Fix/trace2tree: fix cross-rank GPU attribution and merged-trace hang by brieflynn · Pull Request #577 · AMD-AGI/TraceLens

brieflynn · 2026-04-01T23:10:27Z

The problem

When PyTorch profiles a single rank, each GPU kernel launch is assigned a correlation ID unique within that session. When traces from K ranks are merged into one file, each rank's correlation IDs restart from the same numeric range, causing collisions. add_gpu_ops_to_tree uses these correlation IDs to link CPU runtime events to their GPU kernels, and was vulnerable to these collisions in two ways.

First, _get_graph_gpu_events looked up GPU kernels by correlation ID alone, so in a merged trace every graph launch event claimed kernels from all K ranks sharing that ID, producing incorrect attribution.

Second, the per-kernel ancestor walk had no mechanism to deduplicate GPU events that appeared as children of multiple runtime parents, causing $O(K^2 \times N_{gpu})$ complexity during propagation.

Together, these were causing issues such as incorrect cross-rank GPU attribution and indefinite hangs when processing merged trace files from PyTorch profiling of multi-node workloads.

This PR

Fixes two bugs in TraceToTree.add_gpu_ops_to_tree that caused indefinite hangs and incorrect GPU event attribution when processing large merged multi-rank traces, and removes a related $O(subtree)$ per-launcher traversal in TreePerfAnalyzer.

Three changes

Cross-rank GPU attribution for graph GPU events in trace_to_tree.py

_get_graph_gpu_events looked up GPU kernels by correlation ID alone via linking_id_to_gpu_events[corr] (introduced in #522). In merged traces this bucket contains GPU kernels from all K ranks sharing that correlation, so every graph launch was incorrectly claiming foreign-rank kernels as its own, inflating gpu_events, total_subtree_kernel_time, and kernel_details with cross-rank data.

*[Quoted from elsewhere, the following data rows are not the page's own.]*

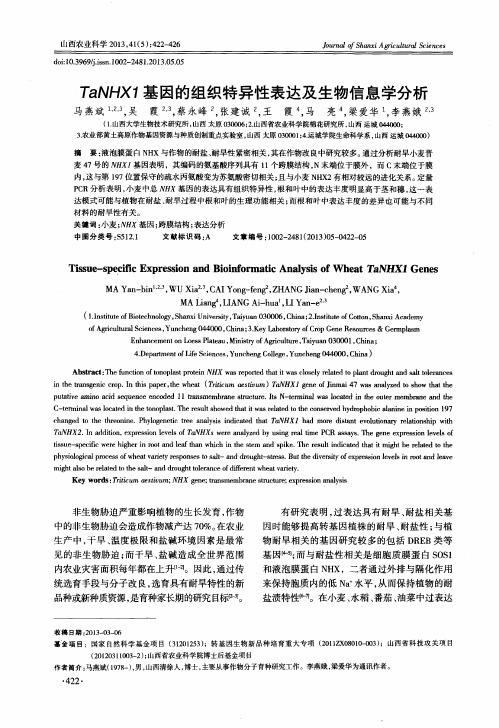 TaNHX1基因的组织特异性表达及生物信息学分析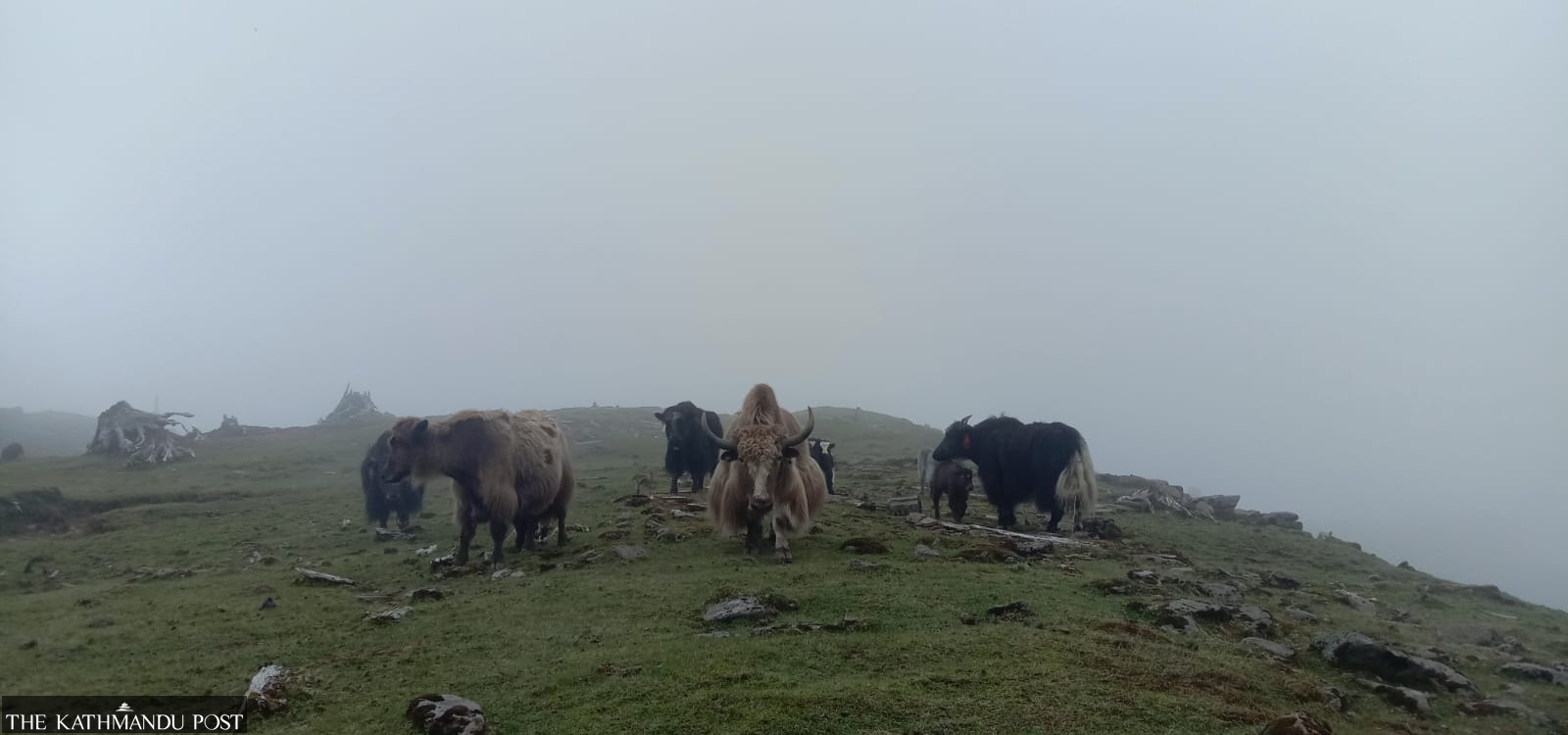 Border Restrictions Leave Yak and Chauri Farmers in Peril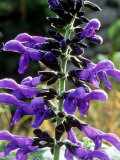Anise Sage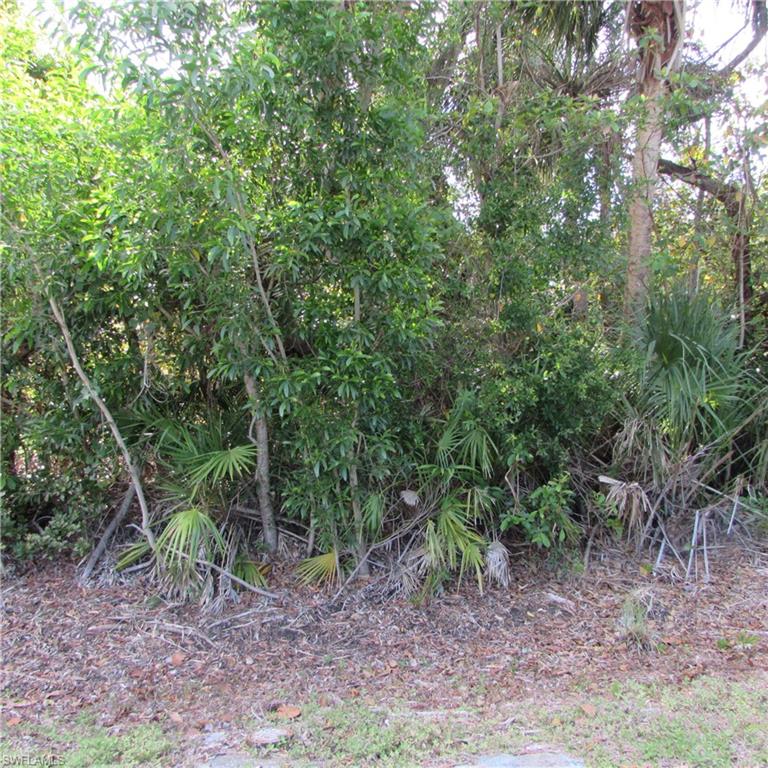 PINE ISLAND RIDGE - Land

$O(subtree \times N_{launchers})$ traversal in tree_perf.py

get_kernel_launchers computed subtree GPU time by calling _compute_subtree_kernel_time_us(event), which called loop_and_aggregate_kernels (a full recursive subtree traversal) for every launcher. Since add_gpu_ops_to_tree already propagates all GPU kernel UIDs up to every ancestor via event["gpu_events"], this is now an $O(1)$ field lookup.

$O(K^2 \times N_{gpu})$ hang in trace_to_tree.py

In merged K-rank traces, correlation ID collisions caused GPU kernels from all K ranks to become linked as children of every runtime event sharing that correlation. The ancestor walk then ran for all of those cross-rank kernels, producing $O(K \times N_{gpu} \times depth)$ individual list.append() calls, causing an indefinite hang.

Replaced the per-kernel ancestor walk with a single BFS topological sort seeded from cpu_root_nodes, followed by a reverse-order list.extend() propagation pass. A visited set ensures each event is processed exactly once regardless of how many parents claim it, collapsing traversal from $O(K^2 \times N_{gpu})$ to $O(N)$. GC is disabled during propagation to eliminate cyclic collector overhead.

Testing

46/46 existing tests pass
Manually validated on a large merged multi-rank trace that previously hung indefinitely

Result

Large multi-node merged PyTorch trace file that previously ran indefinitely now runs in 235.9 seconds.

Pull Request Template

Note to AMDers:
This is a public repository. Please do not upload any confidential or customer data. Make sure all such data has been anonymized or removed before making this PR. If you need to attach any private files or links, please insert a Internal OneDrive Link or a Jira Ticket Link instead.

… gpu_events lookup

…fail

…us descending

ajassani · 2026-04-09T15:55:37Z

Thanks for the detailed write-up and the performance investigation.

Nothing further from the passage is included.